Abstract

The use of slang, abusive, and offensive language has become common practice on social media. Even though social media companies have censorship polices for slang, abusive, vulgar, and offensive language, due to limited resources and research in the automatic detection of abusive language mechanisms other than English, this condemnable act is still practiced. This study proposes USAD (Urdu Slang and Abusive words Detection), a lexicon-based intelligent framework to detect abusive and slang words in Perso-Arabic-scripted Urdu Tweets. Furthermore, due to the nonavailability of the standard dataset, we also design and annotate a dataset of abusive, offensive, and slang word Perso-Arabic-scripted Urdu as our second significant contribution for future research. The results show that our proposed USAD model can identify 72.6% correctly as abusive or nonabusive Tweet. Additionally, we have also identified some key factors that can help the researchers improve their abusive language detection models.

1. Introduction

The birth of social media entirely revolutionized the ways and purpose of mass communication [1]. In the early days, mass communication media was used with the ethical and moral responsibilities as governed by social norms. Besides that, mass communication media was effectively used for education and training. Social media currently allows every connected individual to express their feelings about anything using Twitter, Facebook, Instagram, blogs, or other social media sites [2]. Recent studies about social media show peoples’ lack tolerance that turns into aggression through which people use such language that may offend others’ feelings [3]. However, most of the social media sites have policies for content publications and penalties for policy violations.
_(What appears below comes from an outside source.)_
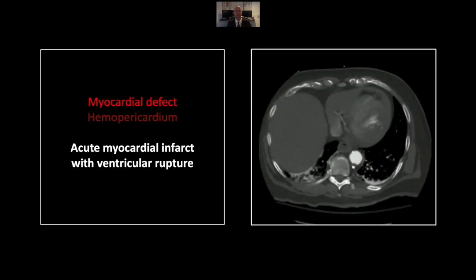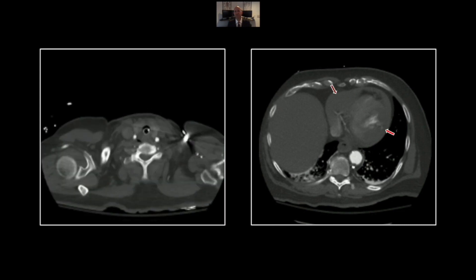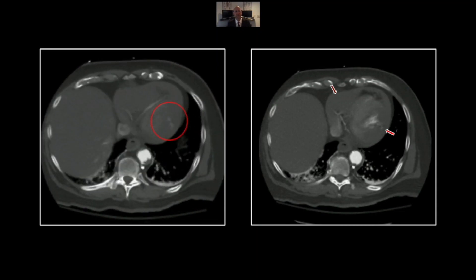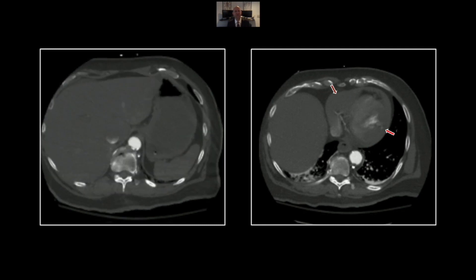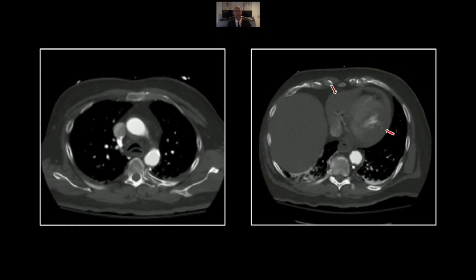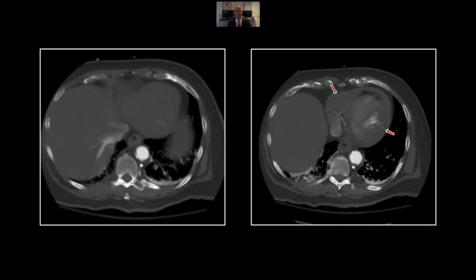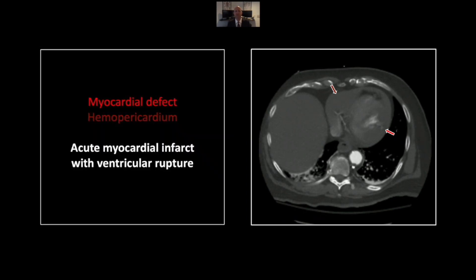Our next case is an acute myocardial infarct with ventricular rupture — a dreaded complication of a transmural infarct. You can see that very ill-defined tract of contrast material extending through the left ventricular myocardium, and obviously a pretty significant hemopericardium is present. Here it is on the sagittal — you can see a linear rupture through the myocardium which is resulting in all of that hyperdense pericardial fluid, or hemopericardium. So that is an acute transmural infarct with left ventricular rupture.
Nonetheless, in the case of informal and vulgar textual content, the policies’ violation is hard to detect manually [1] due to an immense number of posts. Moreover, these social media sites also allow users to post their textual content in native languages. According to the survey conducted in 2018, the English language is used in only 32% of all Tweets [4]. Twitter is a microblogging and social networking service that allows users to express their views using a Tweet of 280 characters [2].

Hate speech and offensive and abusive language detection on social media is an active research field [5]. There are several studies available for hate speech abusive language detection for English [6, 7], Danish [8], Arabic [1, 9], Indonesian [10], and others. These studies used different methodologies to detect abusive and offensive language, such as lexicon-based detection in the English language [11], n-gram for English [12] and Roman Urdu [5] language, pattern matching [13], blacklist [7], and others. However, to the best of our knowledge, abusive, offensive, and slang word detection from the Urdu language in Perso-Arabic script has not been performed due to its complexity.
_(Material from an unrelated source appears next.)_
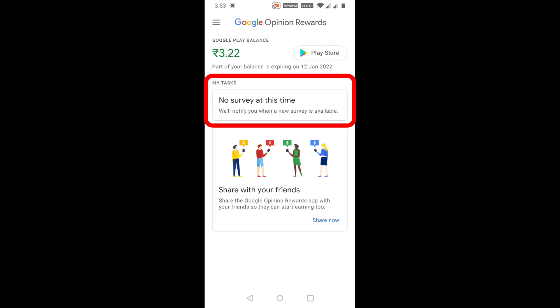You can also see no survey is available at this time under the My Tasks section, which means there is no new survey currently available. If you turn on app notifications, they will notify you when a new survey is available, or you can just check regularly.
The Urdu language is challenging due to its morphological and syntactical complexity as the Urdu language draws grammatical structures and vocabulary from Persian, Sanskrit, Arabic, and Turkish [14]. Due to morphological and syntactical complexity, minimal research has been conducetd on Urdu text, especially for abusive word detection [5]. Similarly, there is no standard dataset in Perso-Arabic-scripted Urdu publicly available for offensive text detection.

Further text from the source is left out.